Edited Dec 06, 2007, 19:51
King Crimson/Roxy Music
Dec 06, 2007, 14:42
Two great bands that happened during the Prog Era, yet seemed apart from it. Were they artful hard rockers? Or hard rocking art rockers?

Manzanera and Fripp each threw down some molten slabs, yet they were not defined by it.

Both very British bands with decent success in U.S. and Europe.

Art school backgrounds?

Do art schools still exist in UK?
Jim Tones
Jim Tones
5142 posts

Strange Fact!
Dec 06, 2007, 23:12
Bryan Ferry once auditioned for King Crimson! =8-o

(Pete Sinfield also produced the first Roxy album)
geoffrey_prime
geoffrey_prime
758 posts

Re: Strange Fact!
Dec 07, 2007, 03:19
The Bogus 21st Century Schizoid Man!
IanB
IanB
6761 posts

Edited Dec 07, 2007, 10:23
Re: King Crimson/Roxy Music
Dec 07, 2007, 10:19
It's about two branches of Psych I reckon.

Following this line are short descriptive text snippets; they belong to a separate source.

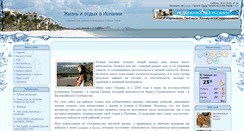 Desktop Screenshot of lifeinspain.lv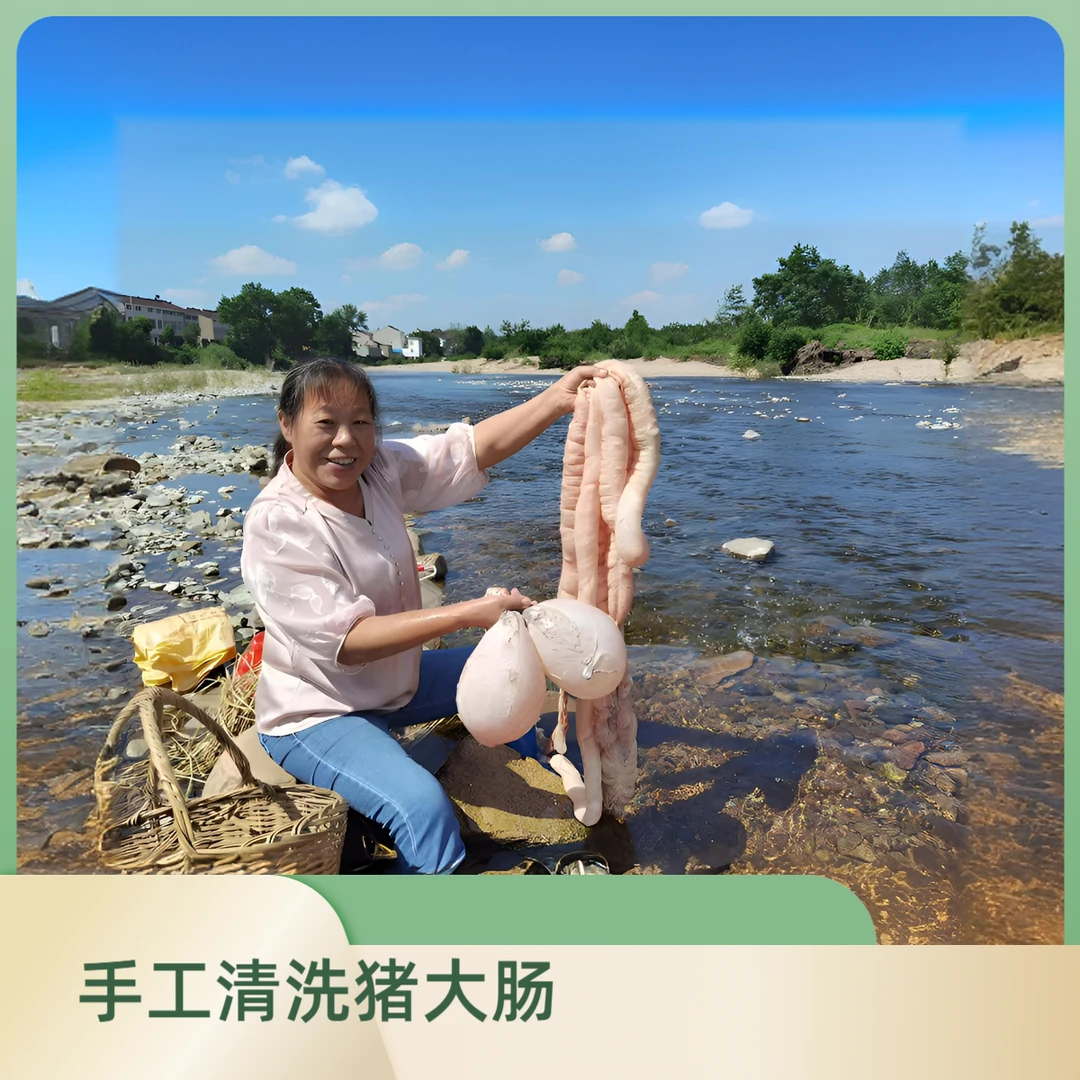 去油咸大肠安徽特产纯手工清洗腌制自然风干腊猪肠500克至1500克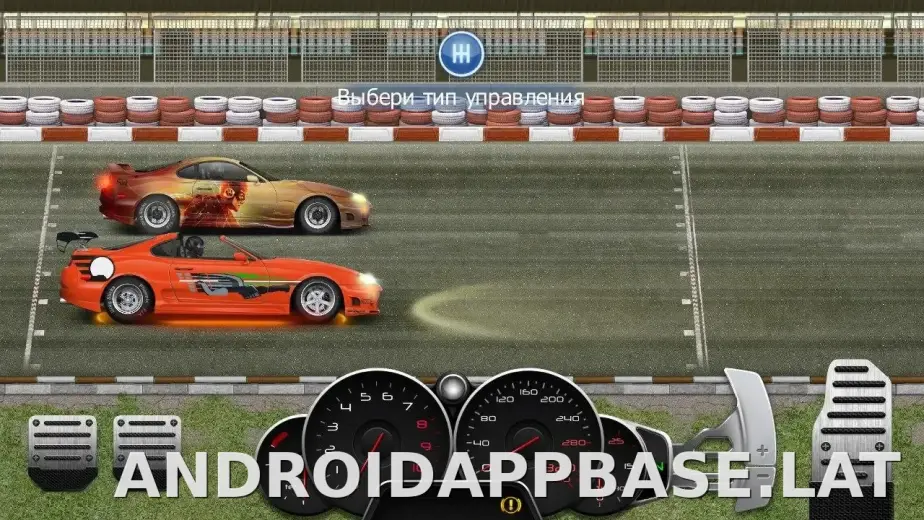 Drag Racing: Уличные гонки скриншот 2
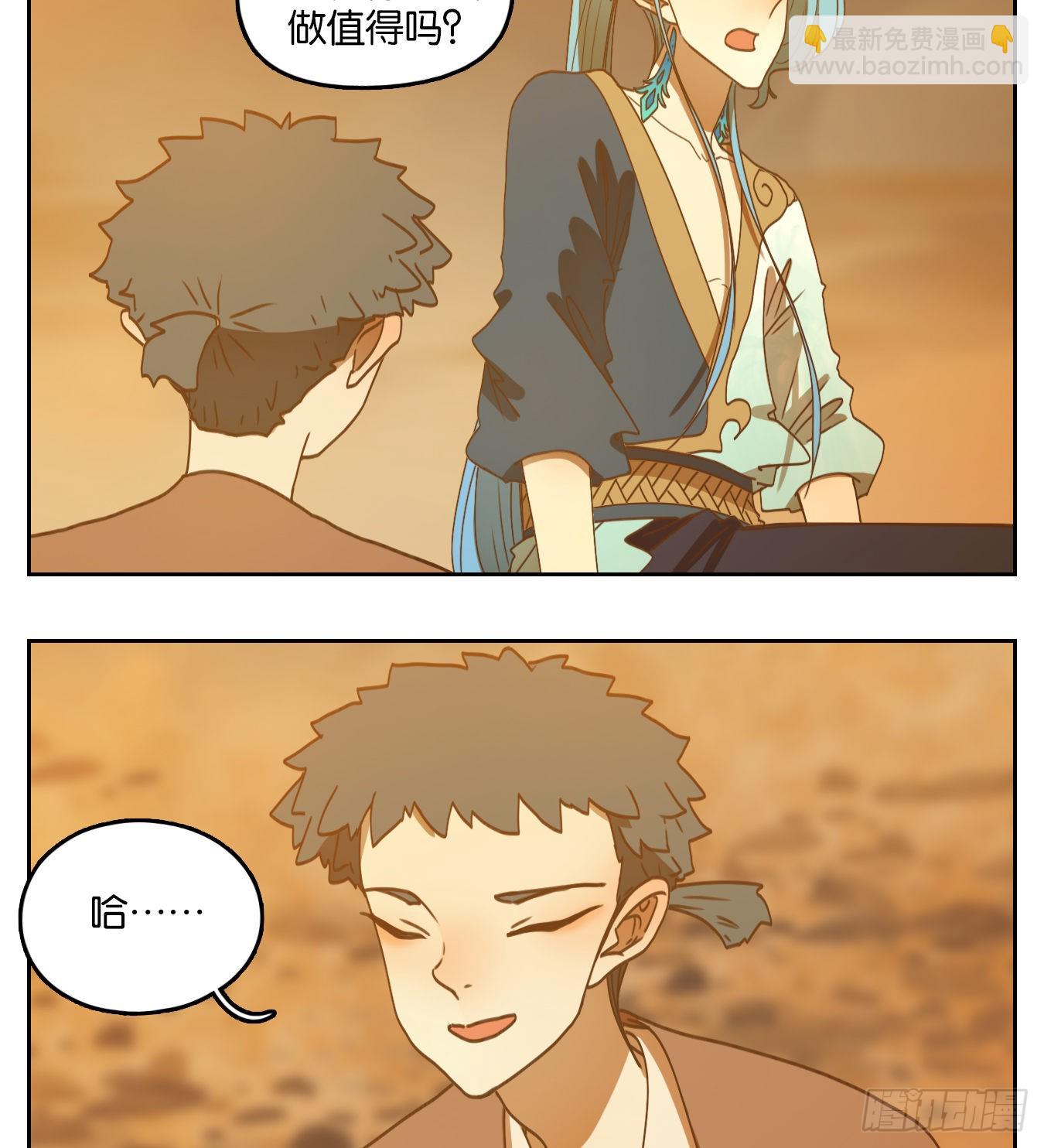 第173话 摘星之梦（十二）-第185话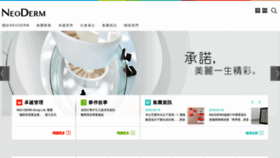 What Neoderm.com.hk website looked like in 2022 (1 year ago)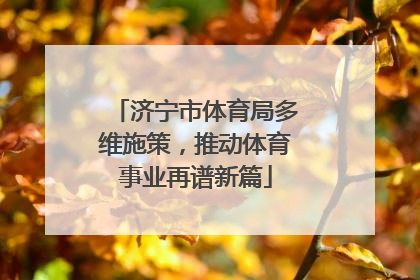 济宁市体育局多维施策，推动体育事业再谱新篇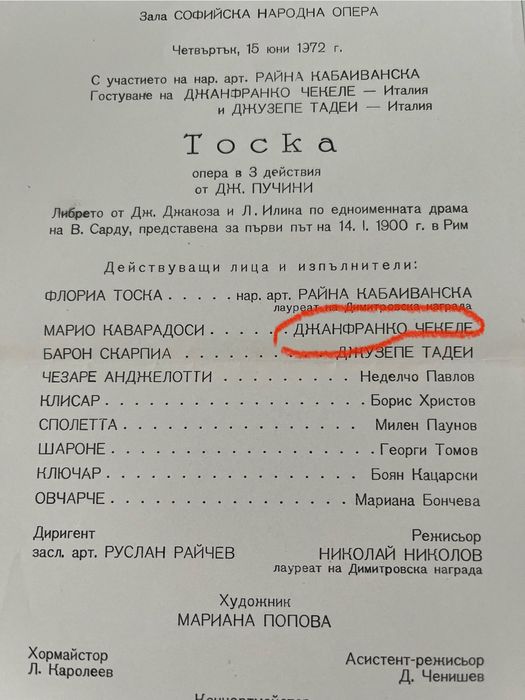 Автографи и брошури от Тоска 1973г.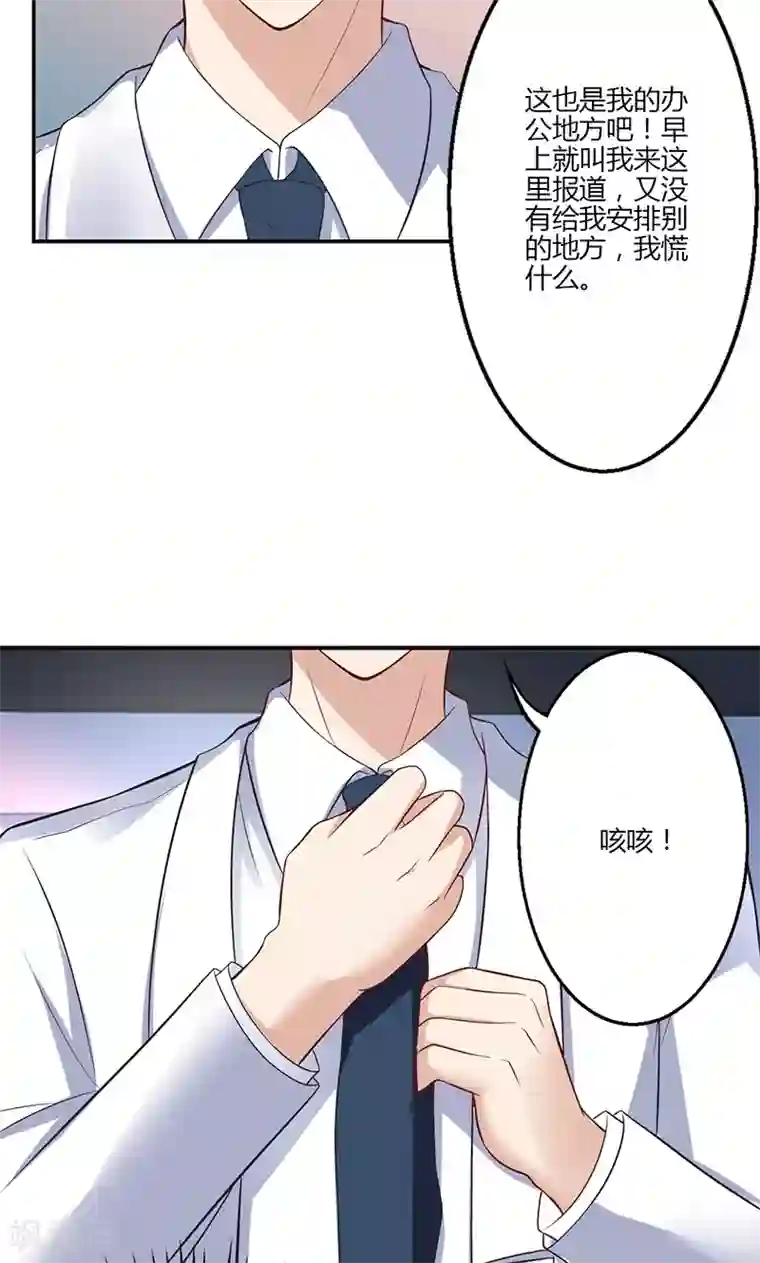 圣医重生计划第19话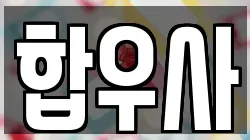 합우사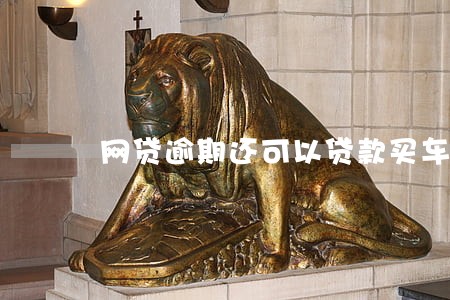 网贷逾期还可以贷款买车吗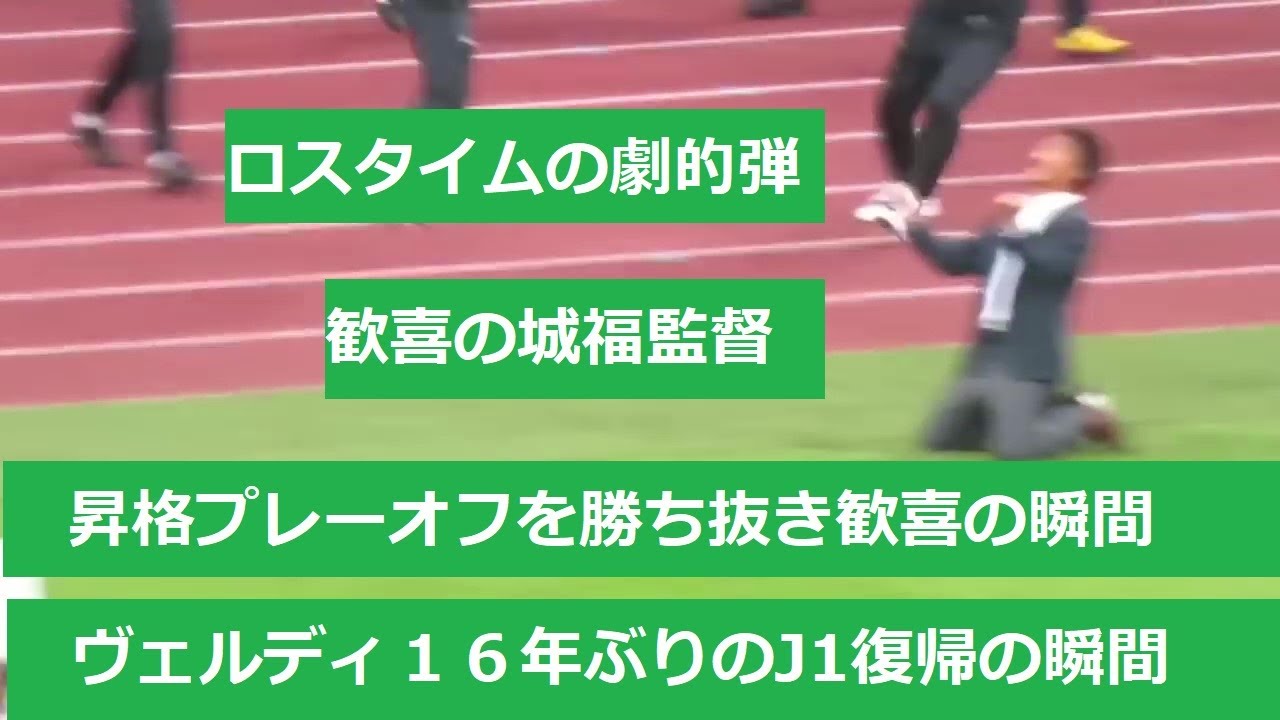 【J1昇格プレーオフ決勝】J1復帰の瞬間、東京ヴェルディ、J1昇格の瞬間。2023/12/02 東京ヴェルディー清水エスパルス　国立競技場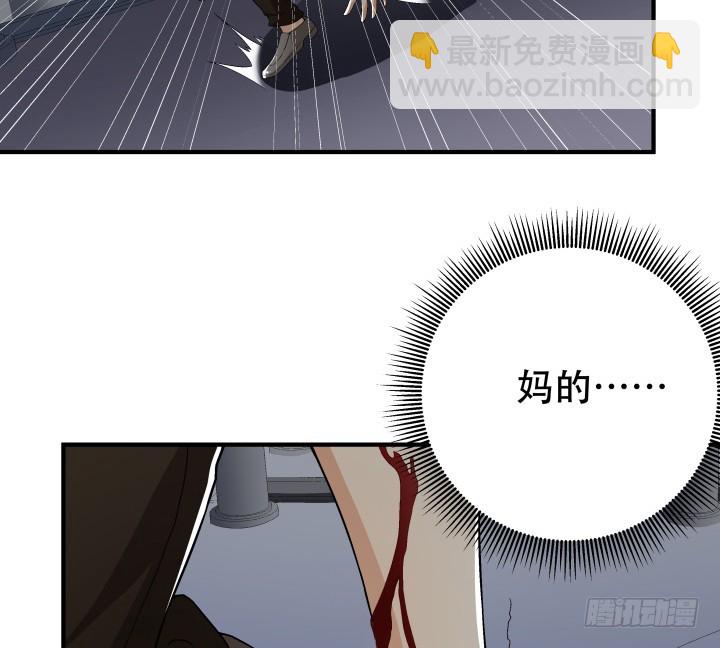 135话 阻止杞迪(1/2)-第135话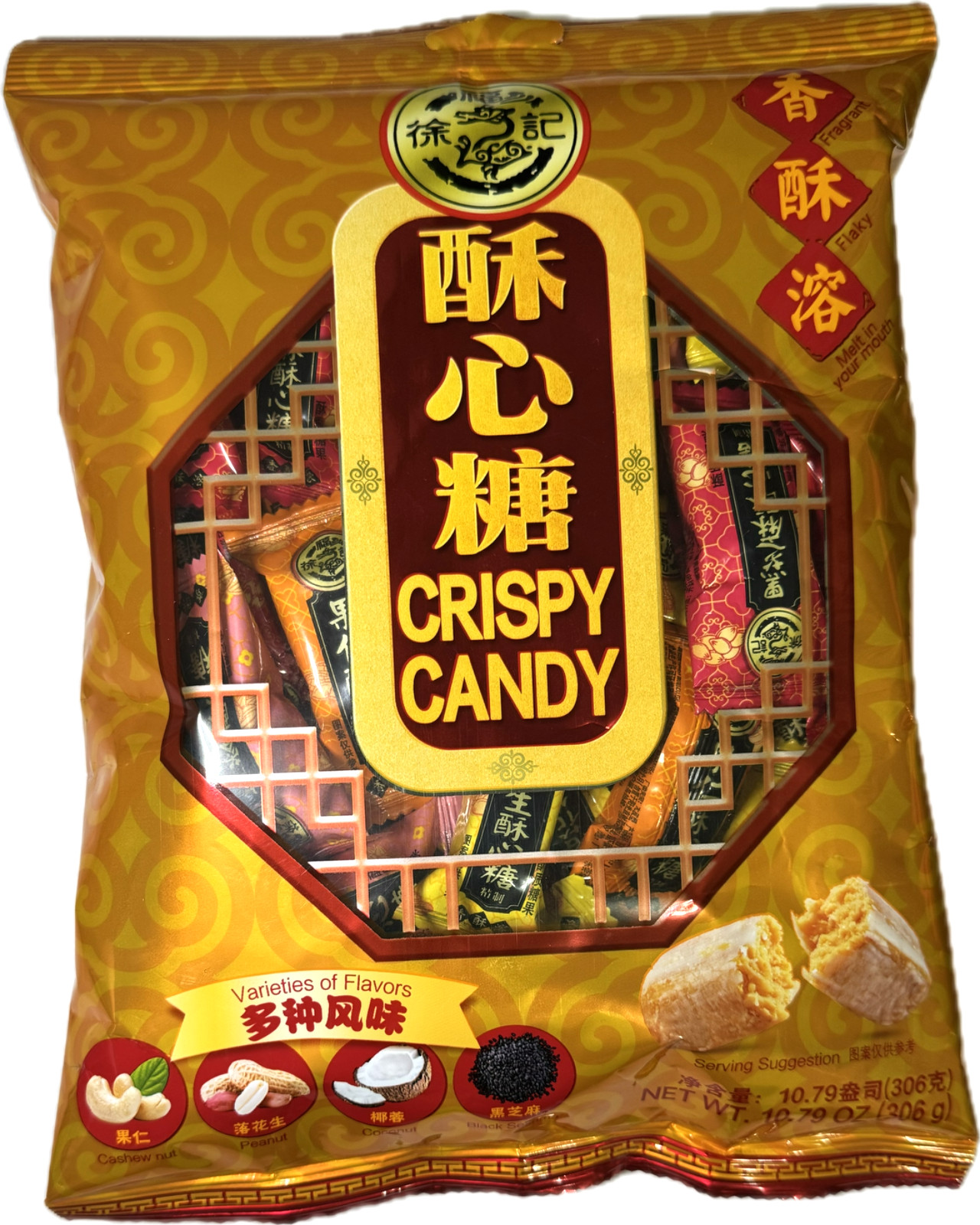 Xu Fu Ji Assorted Crispy Peanut Candy Chinese New Year Snack 306g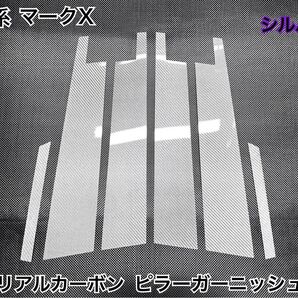 130系 マークX【リアルカーボン/綾織りシルバー】ピラーガーニッシュ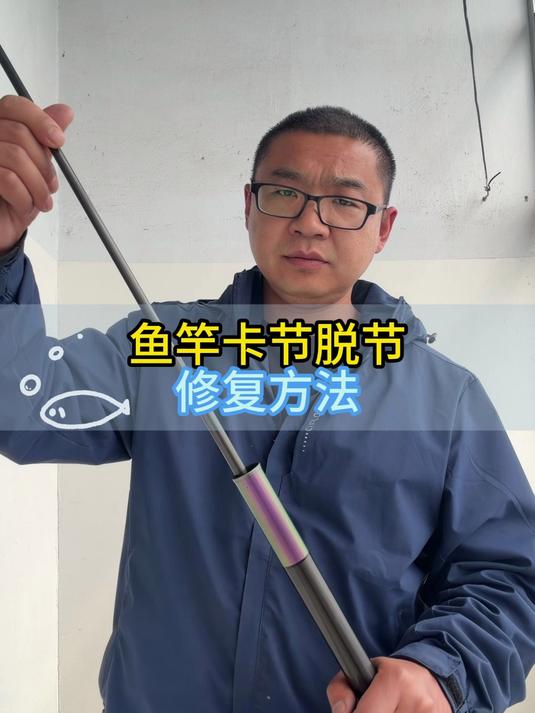 鱼竿卡节抱死脱节处理和修复方法#鱼竿卡节怎么办#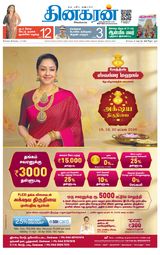 Dinakaran Chennai
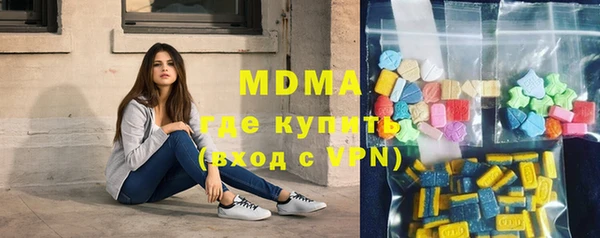 MESCALINE Елизово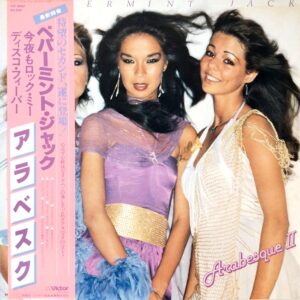 Arabesque — Arabesque II (1979)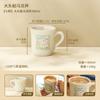 Taza de Agua de Cerámica Taza de Café de Aspecto Elegante para el Hogar y la Oficina Taza de Té Linda para Pareja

Generally speaking the rump of Engish prog came out of Psych and leant on folk, church and classical traditions for additional inspiration. Hence the provincial posh-boy / public school vibe. It's a cliche but with some truth in it. Lots of choir practice and enforced piano lessons. Very Un-American music and not an iota of Blues.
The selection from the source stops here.